As it struggles with slowed growth and heightened competition, Netflix has announced yet another round of job cuts.
After eliminating 150 employees in May, the streaming juggernaut announced it was eliminating 300 more positions, or around 4% of its staff, largely in the US.
The actions follow the company’s April disclosure of its first subscriber drop in more than ten years.
As it strives to increase growth, the company is looking into an ad-supported service and cracking down on password sharing.
Despite having 220 million users worldwide and dominating the streaming business, Netflix has recently had to contend with intense competition from the introduction of competitor platforms like Disney Plus and Amazon Prime Video.

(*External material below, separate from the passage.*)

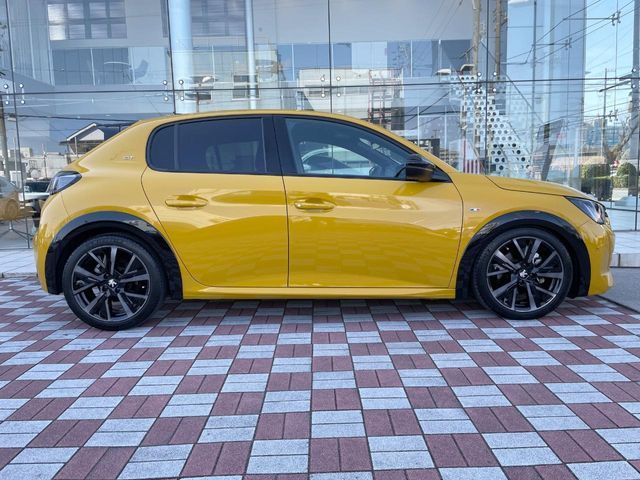 PEUGEOT 208 2022 Image 31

Additionally, the business has started a series of price hikes in the US, UK, and other countries, which have added to its subscriber losses.
After falling by 200,000 earlier this year, the company has stated it expects its subscriber base to decline by another two million in the three months leading up to July.
Saving money is routinely cited as the top reason for discontinuing streaming services in surveys conducted by the Kantar research agency, even in the US, where overall streaming subscriptions have remained stable, in contrast to the UK.
Ted Sarandos, the company’s co-chief executive, revealed to a crowd at a conference in Cannes on Thursday that Netflix was in discussions with other businesses as it looked at new advertising alliances to appeal to price-conscious consumers.
The Netflix job layoffs coincide with growing concerns in the US that the employment boom the nation has seen since the epidemic is coming to an end.
The tech industry is showing signs of slowing down, with start-ups laying off about 27,000 staff since May, approximately double the total number of redundancies reported in 2021, according to layoffs. fyi, a website that records publicly disclosed layoffs.
In recent weeks, businesses in the housing sector have also announced hundreds of layoffs.
This week, the chief of the American central bank testified before Congress that while measures to stabilise prices by raising interest rates run the danger of causing a protracted economic slowdown, they were still worthwhile.